Inside A Nuclear Submarine: Electric Boat workers, sailors prep the Missouri
 
Sunday, June 27, 2010
By Paul Edward Parker


GROTON, Conn. — Entering the hatch of the fast-attack nuclear submarine Missouri feels like entering a three-story building through a manhole cover on the roof.
 
Even before reaching the last rung of a 10-foot ladder, the scent of fresh paint hangs in the air.
 
“New sub smell,” Corey Estabrooks, a painter foreman, says with a chuckle and a grin.
 
“Our department is involved in just about every inch of that boat,” he says. “We basically put our hands on everything because everything needs some kind of protection.”
 
The paint not only protects steel surfaces from corrosion, it also creates the atmosphere in which Missouri’s crew will live. White paint in the bathrooms. Gray in machinery areas.

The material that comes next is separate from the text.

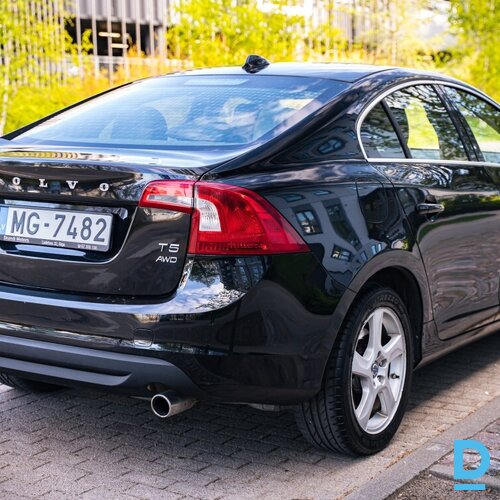 Pārdod Volvo S60 2.5i, 4x4, 2013 Pārdod Volvo S60 2.5i, 4x4, 2013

Green on many walls. And, in the officers’ staterooms and crew’s bunkrooms, the “beach sand” tan walls and light blue ceilings.
 
“When they’re laying in their beds and they look up and see a blue color that almost matches the sky, I guess when they’re down inside for six months at a time, it kind of helps, I guess, psychologically,” said Estabrooks, of Moosup, Conn.
 
Missouri floats in limbo these last few months of construction. After several years in the domain of some 10,000 designers, welders and pipefitters, carpenters, electricians and painters, the workers now share Missouri’s three decks with sailors, as the Navy prepares to take possession of its newest Virginia-class submarine. Sometime this summer, the workers will leave, and the ship will belong entirely to its crew.
 
Estabrooks and his workers put in 8- to 10-hour days seven days a week to finish the crew quarters so sailors can live onboard while shipbuilders work in other parts of the boat.
 
The living areas include the galley, where Seaman Paul Hites, of Tampa, Fla., cooks in a stainless-steel kitchen not much wider than his shoulders.
 
“It’s hard work, but it keeps the morale of the crew good,” he says. “As long as everyone’s happy at the end of the day, then it’s a great job.”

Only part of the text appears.